Government must not let up on its actions to improve water quality
WWT Chief Executive Sarah Fowler on why the Government needs to deliver on its promise to ensure housing developments include pollution mitigation measures and protect our waterways
Our rivers are sick. If they were an NHS patient, they would be in the critical care unit, where every effort would be made to bring life back to them. Only 14%1 of our rivers in England are in good health and every single one of them fails to meet the legal standards set on the chemicals allowed to be pumped, leaked and dispersed into them. No one sector is responsible for this pollution – farming, housebuilding, transport, as well as sewage pumped out by water companies all play a part. And climate change is set to make our water pollution problems worse.
The Plan for Water published in April 2023 shows that this Government is starting to do something about these challenges. We’re seeing a crackdown on water companies, a lifting of the limits on fines for those that pollute, a dedicated Water Restoration Fund to channel fines into environmental improvements and new catchment plans with increased funding – all are a welcome start. Welcomed because cleaning up our waterways is essential to boost nature’s recovery and ensure we have thriving communities and businesses.
In the last year, the Government has also set out plans for a scheme to mitigate any pollution caused by new housing development so that ultimately no additional pollution occurs. This approach is called nutrient neutrality. It sets out to protect the most vulnerable rivers and their wider catchments.

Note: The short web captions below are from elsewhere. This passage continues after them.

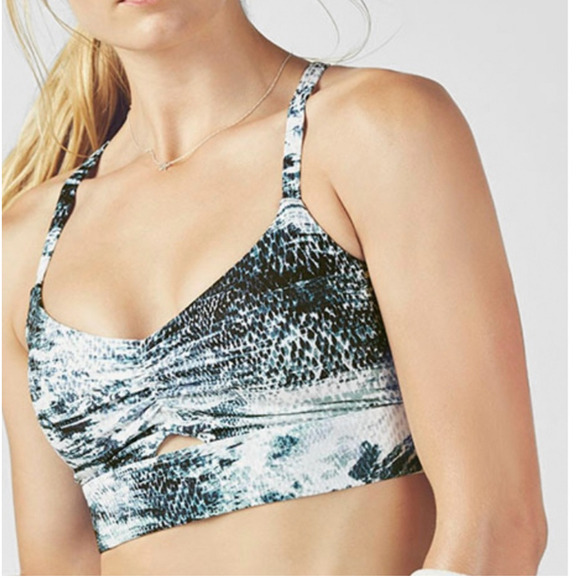 Fabletics Kenzie Sports Bra Womens Medium Snake Print Peek-A-Boo Performance NWT - Picture 1 of 10
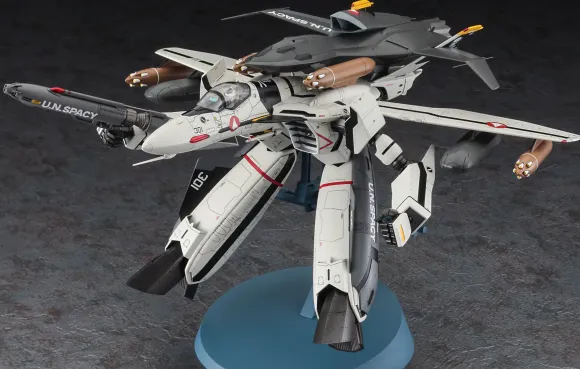 1/72 VF-0S Gerwalk w/Ghost Macross Zero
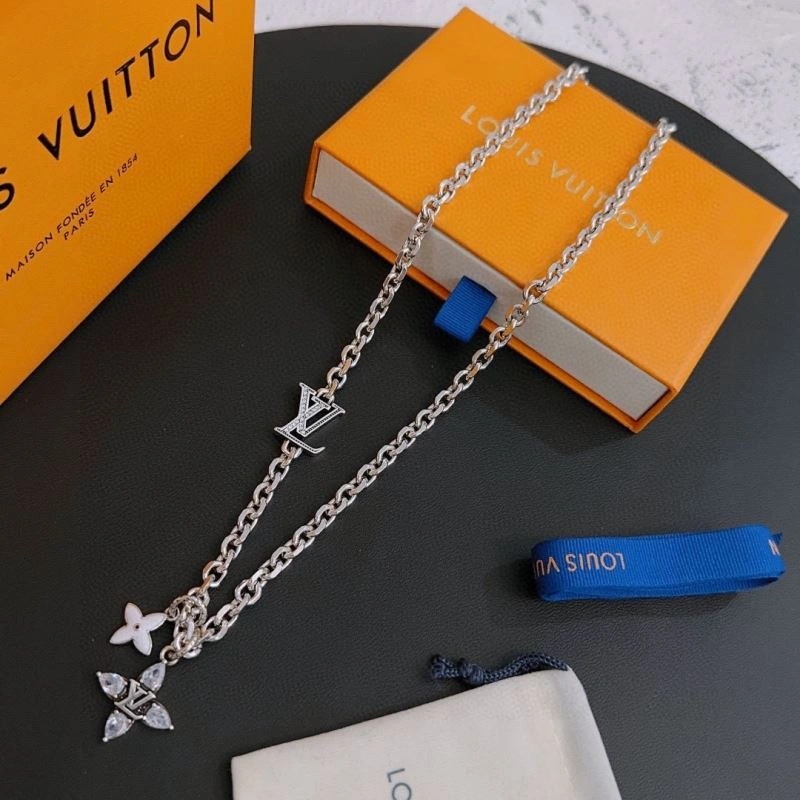 StreetReady Louis Vuitton Necklaces 251478
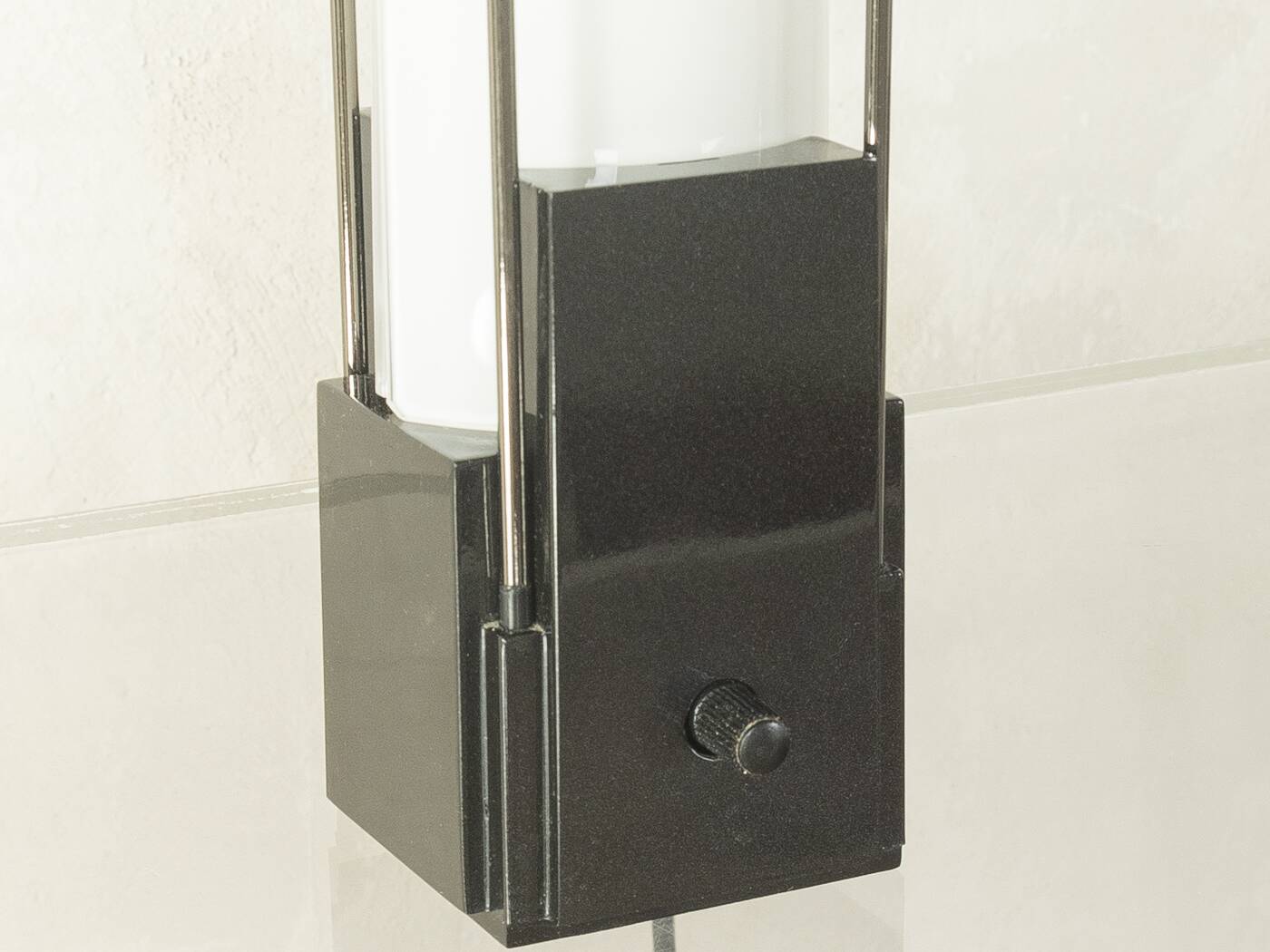 Arteluce Palio table lamp by Perry King & Santiago Miranda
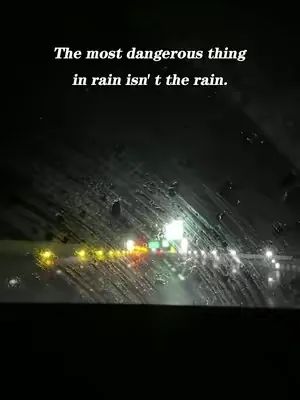 The oil film on the glass can easily lead to dangerous driving during heavy rainstorms and at night #dangerous #CarClean #Windshield #oilfilmcleaner #tiktok    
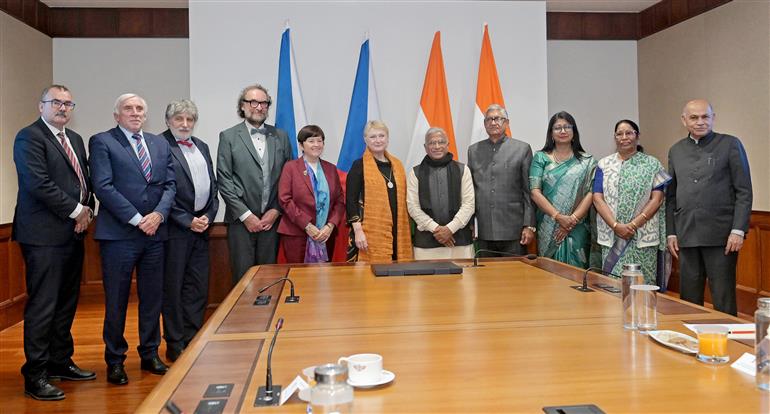 राज्यसभा के उपसभापति श्री हरिवंश ने 12 दिसंबर 2025 को नई दिल्ली में चेक गणराज्य की संसद के सीनेट की उपाध्यक्ष सुश्री जित्का सेइटलोवा और श्री जीरी ओबेरफाल्ज़र के नेतृत्व वाले संसदीय प्रतिनिधिमंडल से मुलाकात की।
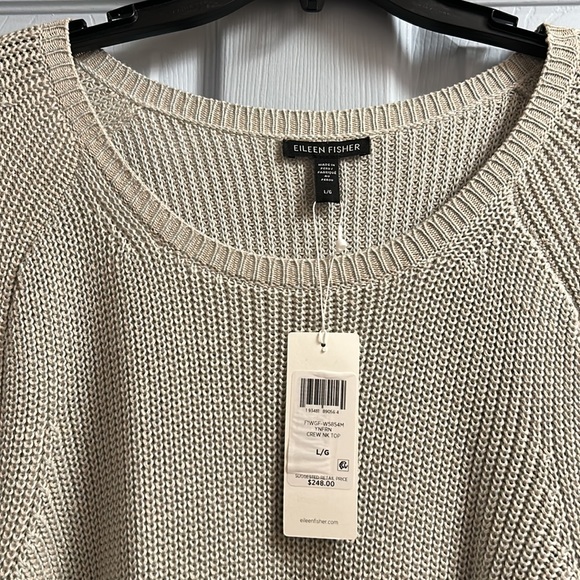 Sweater - Picture 4 of 6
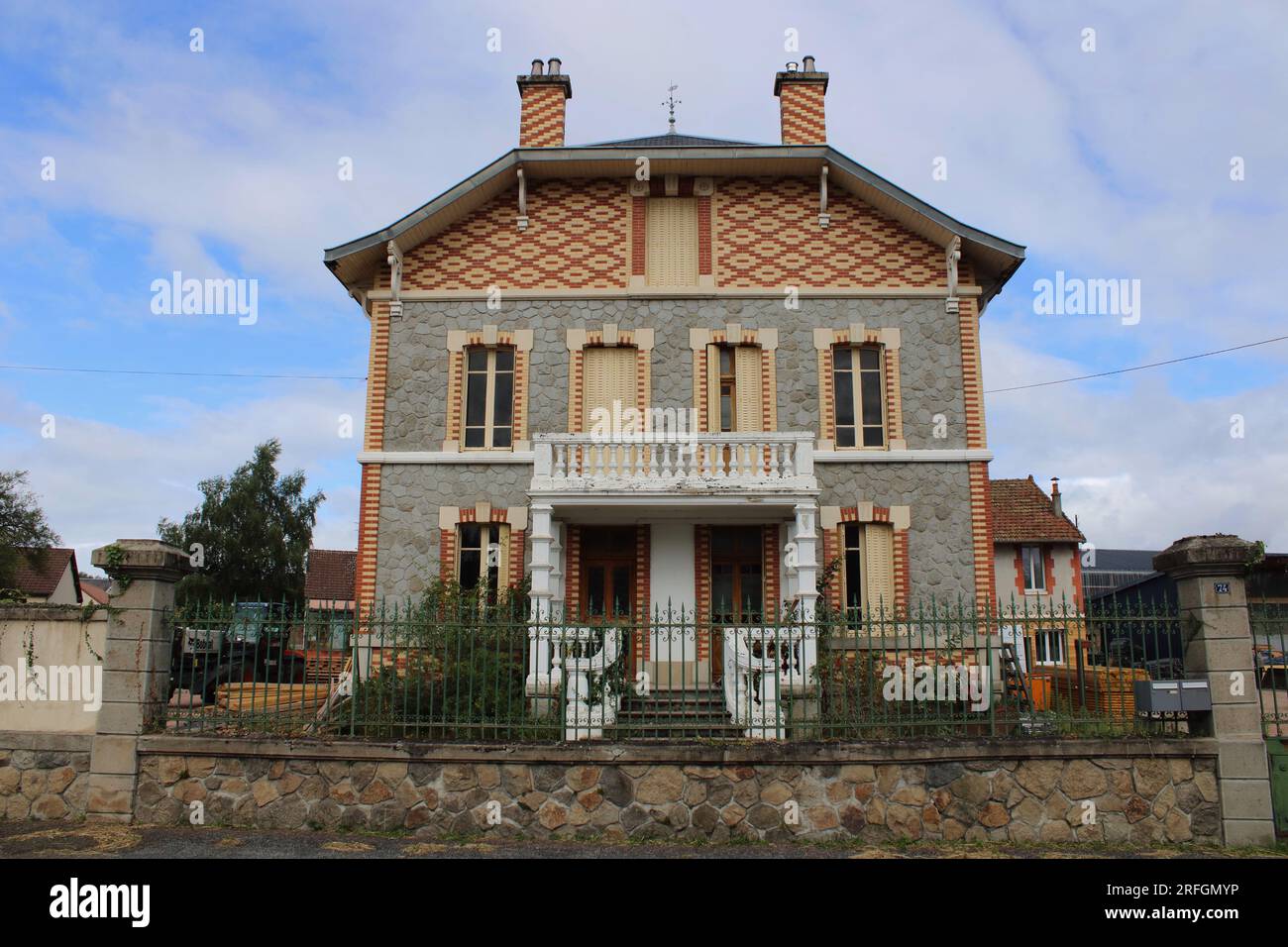 Vista di una casa francese tradizionale e decorativa situata a Évaux-les-Bains, una città termale nella Francia centrale rurale. Foto Stock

The scheme ensures new homes will not add further nutrients (pollutants – usually nitrogen or phosphorus) to already polluted waterbodies, by creating habitats like wetlands which filter out polluting nutrients converting them to harmless substances
This initiative promises to be a great step towards nature’s recovery in the UK. Home builders of all sizes are working with this new scheme, supportive of the certainty and regulatory platform it gives them. It is unblocking housing schemes in the north-east of England, in the south of England and on the Somerset Levels while protecting the water environment. But some developers are vocally opposed to the scheme, claiming it holds up development and that the nutrient mitigation measures required will take 400,0002 acres of land out of food production. There are other more significant reasons why development and house building is being held up and this scheme should not be a hostage to sorting those out. There are many ways to mitigate against nutrient pollution, including highly effective, small-scale treatment wetlands which, if they were the go-to solution, would bring the area of land needed from 400,000 acres down to 5,500 acres of pollution-busting, flood-mitigating, biodiversity-boosting wetlands.
The Government must stay true to its commitment to improve water quality and to the nutrient mitigation scheme. It must not, just months after introducing the nutrient mitigation scheme, re-consider it as I fear it may be doing with a view to allowing developers to ‘forward count’ their water quality obligations. In essence building houses first, and putting in pollution mitigation at some later point. Like closing the barn door after the horse has bolted, this is rather like letting water companies continue to pollute our rivers and clearing up the damage later.
Next month WWT publishes our ‘Wetlands for Water Quality’ route map showing how treatment wetlands can be a crucial part of tackling the water quality crisis and restoring nature. Wetlands are nature’s very own water purifiers and buffers. They have already shown their worth in a range of different sectors. We want to see treatment wetlands used at scale across the UK as a natural, cost-effective solution to water pollution, that brings stacks of other benefits such as helping to reduce flooding, boosting wellbeing and supercharging biodiversity.